(Exercise brief)
Given the records below, would you repeat exactly the lines that begin at the one containing "Mystique Handmade Rug Livabliss Mystique" and end at the one containing "нижнее белье кружевное,топ", inclusive?

(Data provided)
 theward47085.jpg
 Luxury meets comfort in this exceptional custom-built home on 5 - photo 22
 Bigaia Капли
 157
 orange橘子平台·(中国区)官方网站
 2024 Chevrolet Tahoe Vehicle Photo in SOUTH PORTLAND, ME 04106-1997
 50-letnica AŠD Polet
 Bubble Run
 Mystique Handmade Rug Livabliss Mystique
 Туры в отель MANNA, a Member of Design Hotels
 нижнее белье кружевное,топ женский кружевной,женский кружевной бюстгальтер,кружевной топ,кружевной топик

==

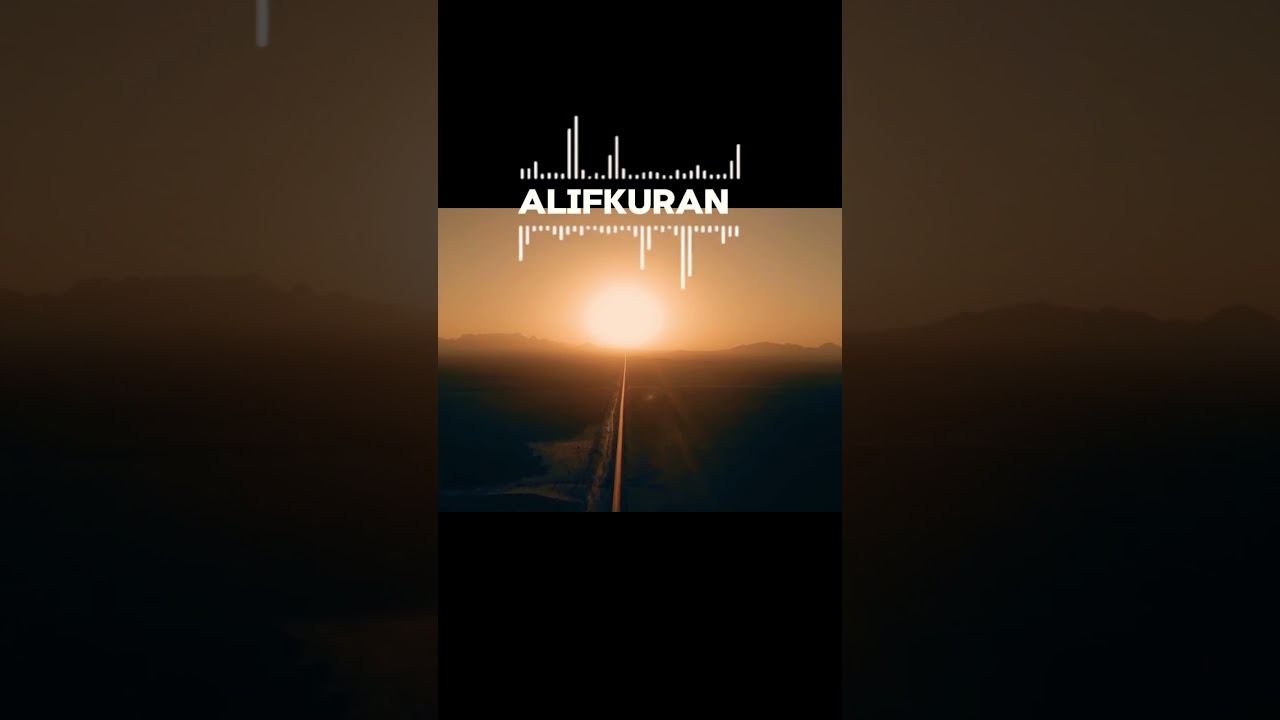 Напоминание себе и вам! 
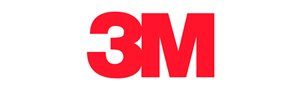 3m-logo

(Your solution)
 Mystique Handmade Rug Livabliss Mystique
 Туры в отель MANNA, a Member of Design Hotels
 нижнее белье кружевное,топ женский кружевной,женский кружевной бюстгальтер,кружевной топ,кружевной топик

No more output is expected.